_Records supplied_:
_ _ _

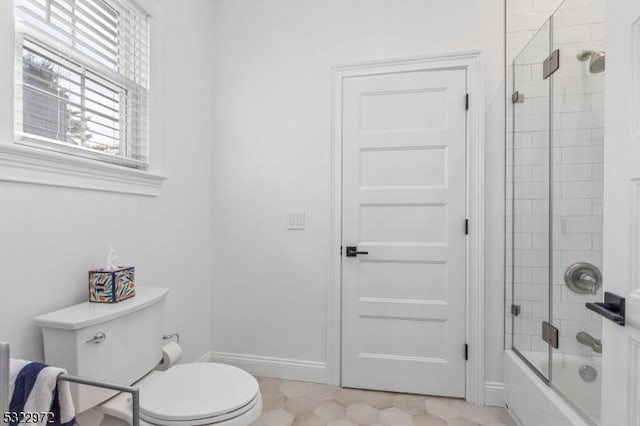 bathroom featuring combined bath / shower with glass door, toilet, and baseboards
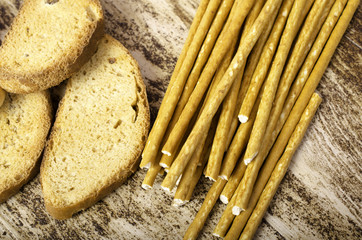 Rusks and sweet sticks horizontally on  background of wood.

_ _ _

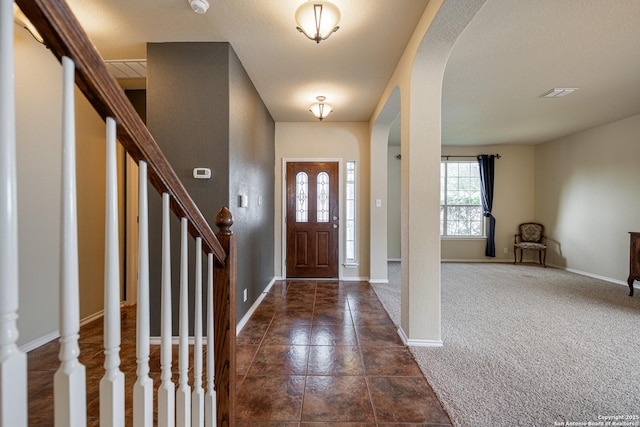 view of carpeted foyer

_ _ _

_Brief_:
Repeat exactly the lines above, from the line that contains "bathroom featuring combined" down through the line that contains "Rusks and sweet". Include both of those lines and none of the pictures.

_Response to this exercise_:
 bathroom featuring combined bath / shower with glass door, toilet, and baseboards
 Rusks and sweet sticks horizontally on  background of wood.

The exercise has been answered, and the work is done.